BuilderNet Incident Report

The BuilderNet experienced an outage - network unavailable - for a period of 7 days. Here are the details:

On June 4th, 2019 at 16:05 UTC, the BuilderNet was upgraded per its monthly schedule. Two nodes did not upgrade correctly. The Sovrin Foundation staff contacted both organizations and helped them upgrade manually. As the second was being updated, we discovered a bug in how nodes are taken offline. The bug caused the all the nodes to be stuck in a loop of restarting Indy-node over and over. This bug took the network offline, making it unavailable.

The Foundation submitted a ticket for this bug, and received instructions on the fix. We contacted each of the Stewards on the BuilderNet to stop Indy-node manually and sent them a patch to fix the issue. After each node applied the patch, we sent out instructions to restart the services. It should be noted that the main reason the fix took so long was delayed responses from the Stewards. We will be taking measures to close that response gap.

The network became available again around 15:00 UTC on June 11th, 2019. A “hot fix” was then applied to the network to ensure the issue doesn’t occur again. This was completed on all the nodes at 16:45 on June 12th.
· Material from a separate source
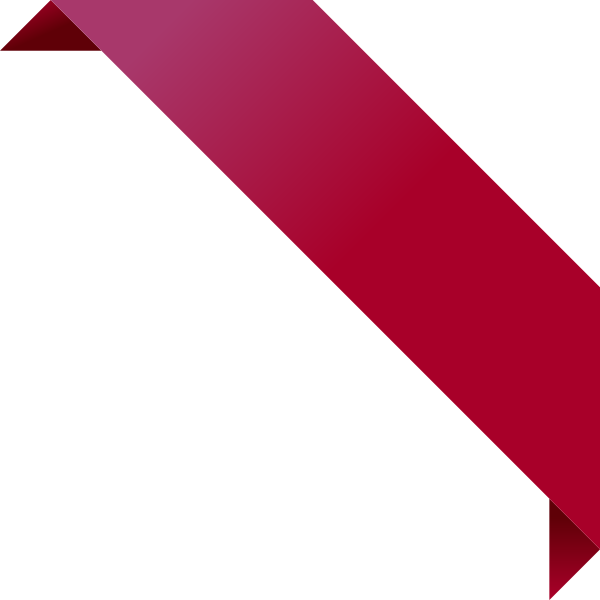 Corner Ribbon - Corner Page Ribbon Png (600x600), Png Download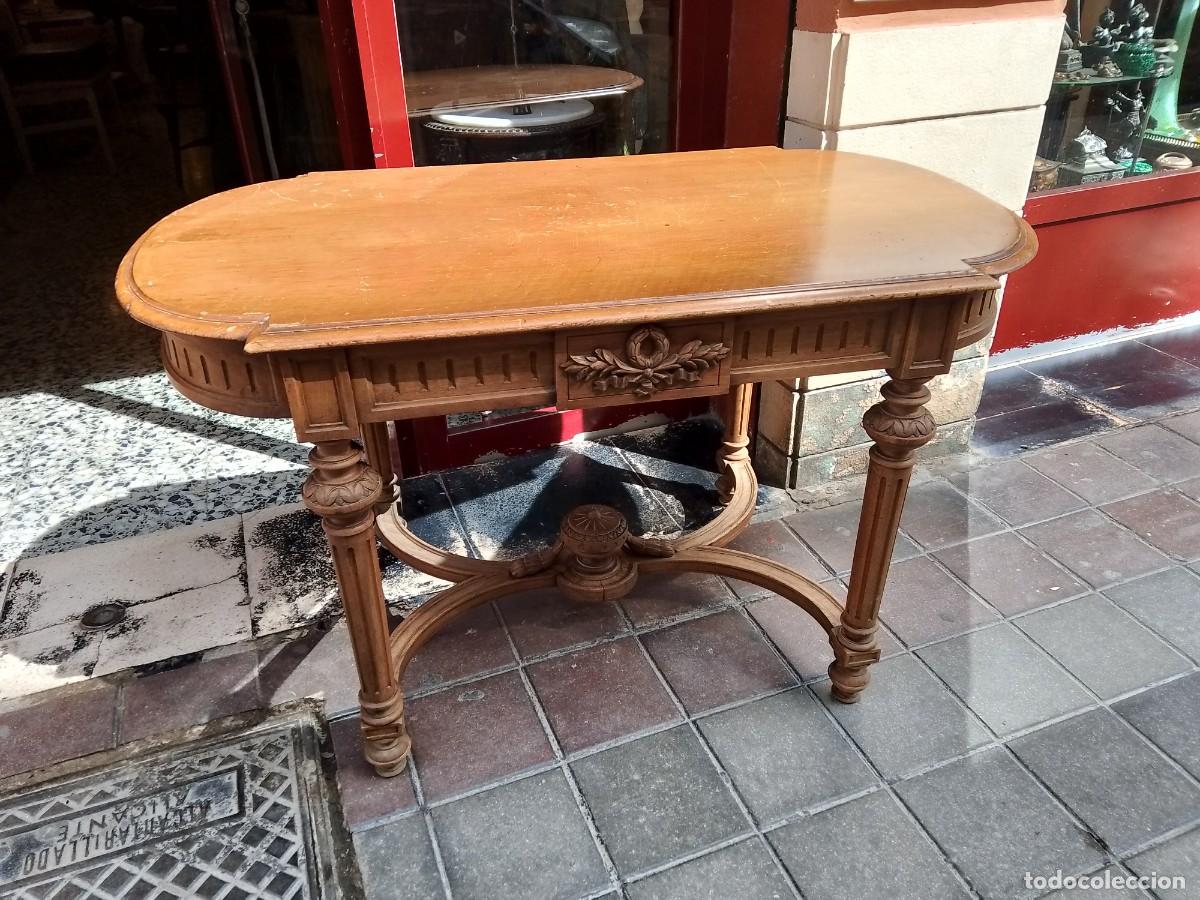 Antig&uuml;edades: mesa inglesa antigua- - Foto 2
@matt, thank you for the details. One of my frustrations with the formal and casual discussions about downtime is that they don’t distinguish between read downtime and write downtime. Many of the cases where the ledger is “down” are cases where it is answering read requests just fine; it’s simply not able to write new transactions.

I think that in this case, the “unavailable” and “offline” periods that you describe were write outages, not just read outages. Is that accurate?

@danielh Yes, in this case since all of the nodes were in a loop of restarting themselves several times per minute, they never came up enough to respond to any read or write requests during the entire 7 days mentioned.
You make a good point, though. For future incidents, we will try and mention whether the downtime affected reads, writes, or both.

Thanks!